Дядин аккордеон тоже не сразу, но, очевидно, потерял свою магическую власть надо мной. Было время возрождения джаза, и эстрадного и инструментального, — само это слово, для моего поколения полузапретное и потому особенно волнующее, вновь робко появилось на афишах. Имена давних джазовых знаменитостей выплывали из забвения, броские рекламы зарубежных гастролеров смущали воспитанных в пуританстве москвичей — во дворах не слышно стало незабвенного Петра Лещенко. Дворовые танцы не шуршали больше по асфальту под коломенский патефон, они шуршали теперь под выставляемый на окно проигрыватель, радиолу или даже магнитофонную приставку, чаще всего радиолюбительскую, самодельную. А по-клубам и Домам культуры на больших балах по случаю табельных дней и просто на танцевальных вечерах, после доклада или кинофильма, выступали маленькие джазовые составы. Их музыканты — молодые люди с бледными, нездоровыми лицами — сделались почти что героями дня — они носили ботинки на рифленой самодельным способом подошве, бриолин чуть ли не стекал с их высоко взбитых коков, и говорили они на своем кастовом, ужасающе неблагозвучном, варварском, дурацком, необыкновенно прилипчивом языке.

Однажды передовое начальство нашей школы поддалось веянью эпохи, и трое «лабухов» прибыли на наш школьный вечер: маленький и хилый, с задорным лицом играл на ударных инструментах и уже в силу этого мог считаться выдающейся личностью. За роялем, или «фоно», как говорили музыканты, сидел полный, приятный парень, типичный юноша из хорошей еврейской семьи, про него с первого взгляда можно было безошибочно сказать, что он носит теплые кальсоны, ничуть от этого морально не страдая.

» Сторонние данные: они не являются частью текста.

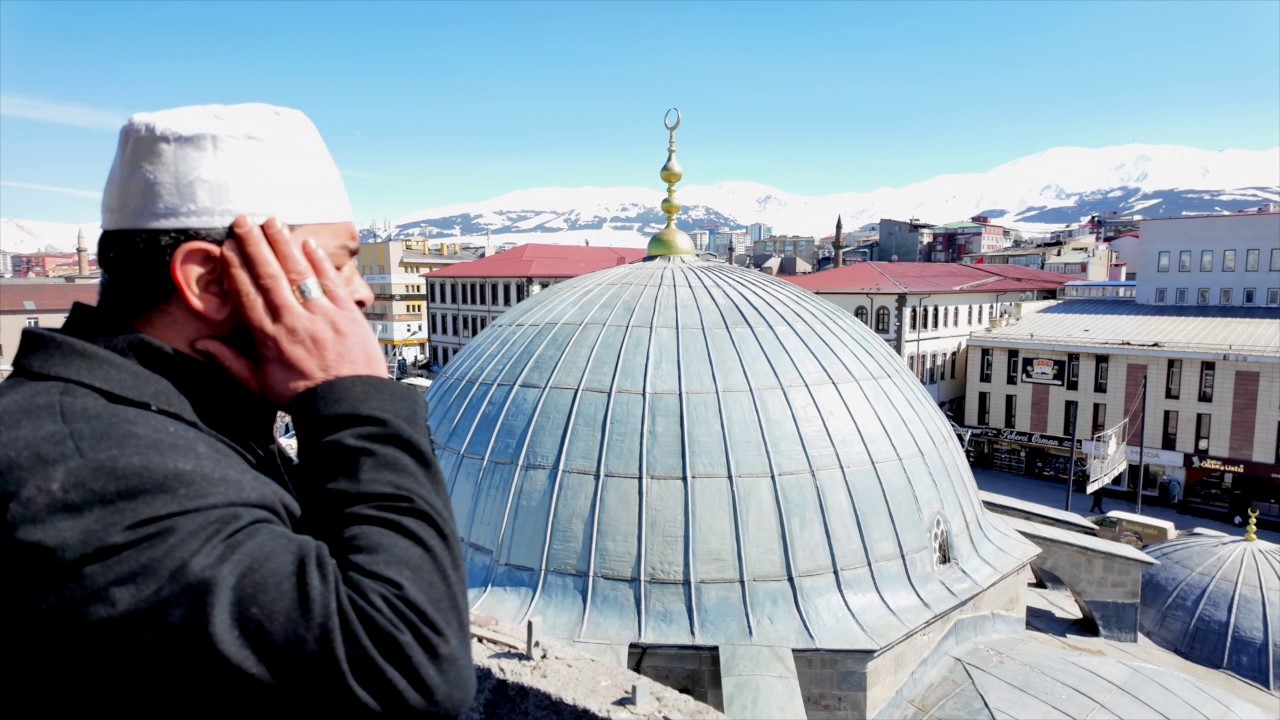 Erzurum’da 700 yıldır devam eden gelenek: Minarelerden yükselen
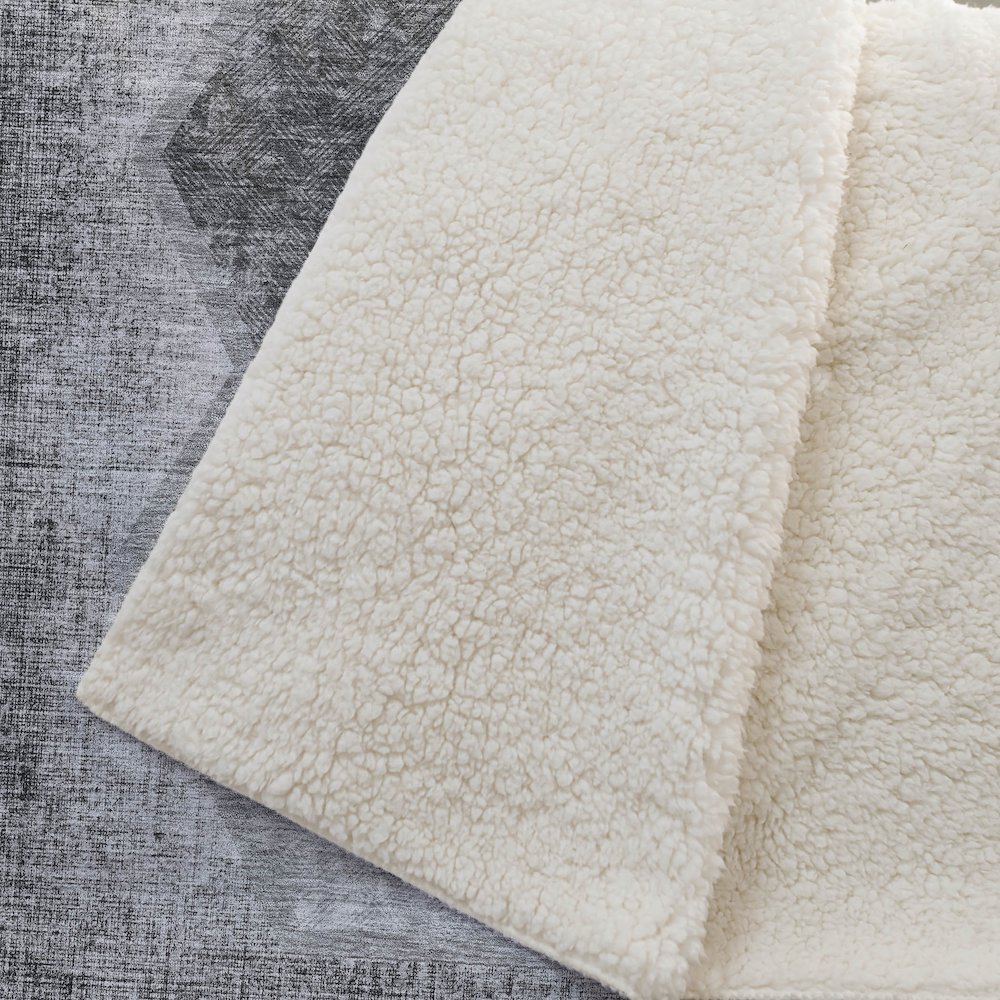 Premium Machine Washable ASB679 Gray 50" x 70" Sherpa Throw Blanket. Picture 2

Но самой колоритной фигурой, так сказать олицетворением джаза, оказался саксофонист. Высокий, носатый, с четким пробритым пробором лорда или официанта, в клетчатых, обтягивающих его сухопарые ноги штанах, как я теперь понимаю, обуженных до такого предельного состояния тоже домашним способом. На стареньком своем, кажется даже заклепанном в нескольких местах, саксофоне он творил чудеса, добиваясь таких изумительно-гнусавых звуков, от которых сжимались и замирали наши неискушенные в музыке и любви сердца.

А это все переплелось тогда: и танцы, и джаз, и первая любовь, и замирание сердец по поводу и без повода, однако это совершенно особая тема.

Потом, во время перерыва, я случайно забрел в физический кабинет и был поражен тем, что непостижимый для меня саксофонист в компании наиболее взрослых наших десятиклассников разливал по мензуркам и пробиркам обыкновенную водку из зеленой бутылки.

Вполне понятно, что после такой современной музыки, после бархатного барского голоса Уиллиса Кановера, который вел джазовые комментарии в регулярных передачах «зис из мюзик Ю Эс Эй», дядин аккордеон и дядин репертуар — он менялся, разумеется, но, так сказать, в рамках своего стиля — перестали меня интересовать,

Я теперь избегал семейных вечеринок и, когда они происходили у нас, старался заявиться домой как можно позже. Однажды я пришел на родной порог совершенно убитый. В школе, пока я торчал на какой-то вечерней лекции, у меня в раздевалке из рукава пальто стащили шарф. По правде говоря, шарф был довольно-таки паршивый, даже, помнится, проеденный кое-где молью, но пестрый, клетчатый и, по моему разумению, чрезвычайно модный. Я чуть не ревел в тот вечер. Я ныл и стонал и оттого, что жаль мне было шарфа, и еще от обиды на свою разнесчастную судьбу — вот надо же было мне, в высшей степени неимущему человеку, оказаться жертвою воровства — ведь этот шарф в моих глазах был у меня единственной вещью, приобщавшей меня к миру высокой элегантности, как я ее тогда понимал. Родня успокаивала меня, но самые сочувственные слова только растравляли оскорбленную мою душу. Дядя Митя не мог больше видеть моих мучений, он отозвал меня в коридор и вынул из кармана пальто свое кашне: возьми. А я расстроился еще больше и если не словами, то наверняка своим видом дал понять, что это серенькое скромное кашне никогда не заменит мне моего роскошного шарфа.